Saturday, August 31, 2013

US States Consider Australian Style Student Loans

The US state of Oregon has introduced legislation for government subsided loans for college students. The bill is called "Pay It Forward" (HB 3472) and has some similarities to  the Australian subsidized "HELP" student loans scheme. Other US states, such as "An Act to reduce the cost of college education for Massachusetts residents" (Bill H.3631, Referred to Massachusetts Joint Committee on Higher Education, 19 August 2013). However, the Oregon bill is not legislation to enact a specific funding scheme, but just to have the state's Higher Education Coordinating Commission formulate the details of a scheme.

Under the Australian scheme, loans only need to be repaid in installments based on the student's income and after it reaches a set level (currently $51,309 Australian dollars a year). This is a relatively low cost scheme to administer as repayments are handled as part of the income tax system.

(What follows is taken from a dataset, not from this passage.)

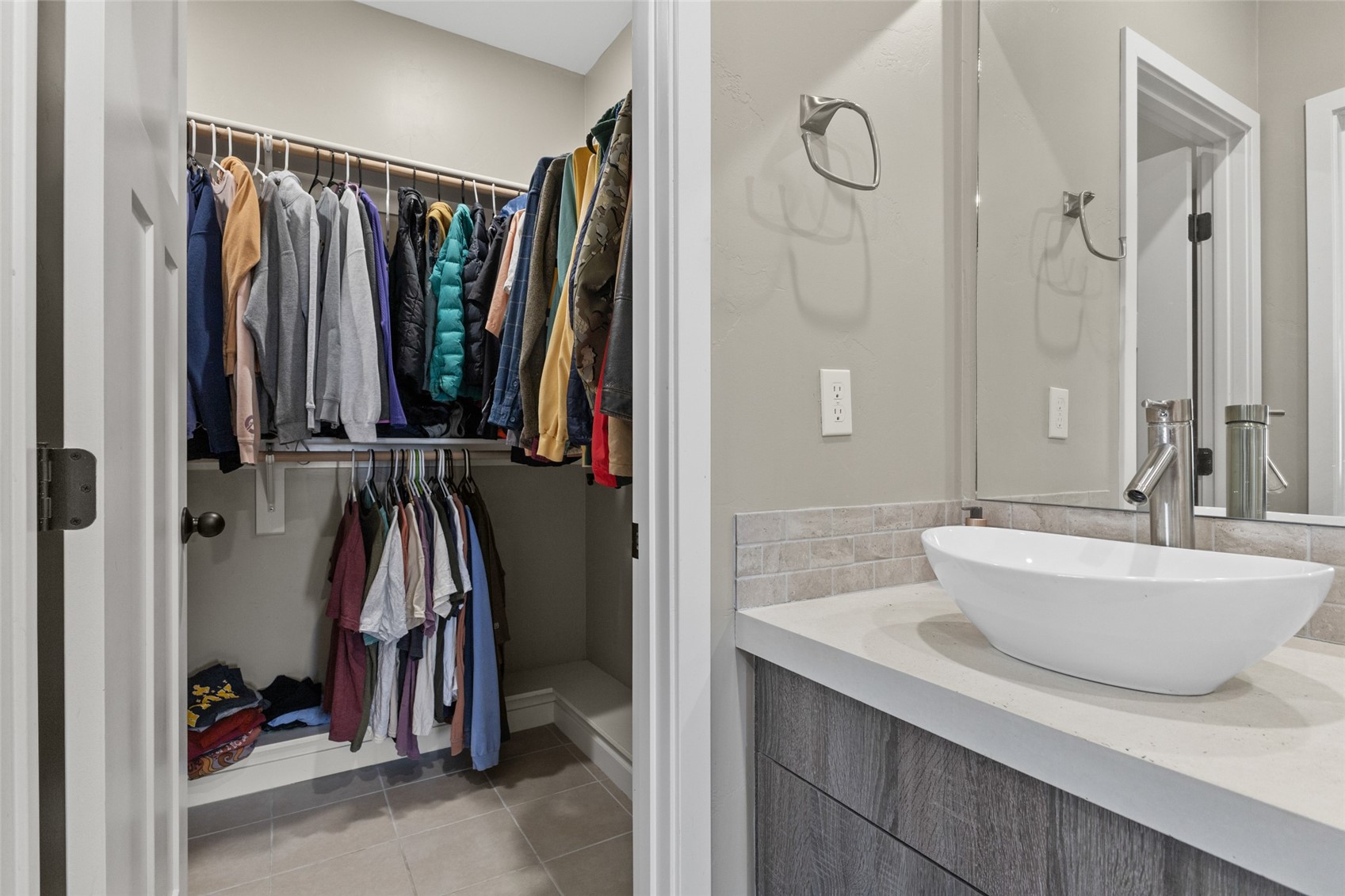 967 Dry Creek South ROAD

It lessens the worry of debt repayments, as the students know they only have to repay when they have a higher income. But the scheme is not without problems (such as students who leave Australia and never repay the debt). Also the scheme assumes that education leads to higher income. The Australian government has a set of other schemes for quality education and to inform students, but this does not guarantee higher wages for graduates.

Some of the proposals for the Oregon scheme, as described in 'OREGON'S “PAY FORWARD, PAY BACK” PROPOSAL' (by Terrance Adams and Alan Shepard, Connecticut Office of Legislative Management, 6 August 2013), differ from the Australian model and do not look like a good idea to me. In particular, one proposal is for a lower rate of repayment if the student does not graduate. It is not clear why the rate is not based simply on their ability to pay and the amount the course cost. Having lower rate for students who do not graduate will complicate administration and invite manipulation of the system.

One useful way to encourage students to study is to allow multiple exit options. In this way the student does not have to commit to many years of study with the risk that if the do not complete all years they receive no reward. Instead they can be granted a lesser qualification for part completion of the program. However, under the Oregon proposal, it would not be clear if this counted as "graduation". Also there would be the temptation for the student to game the system by withdrawing shortly before completion, moving out of Oregon and using their course credits to graduate elsewhere, and avoiding the higher repayment rate.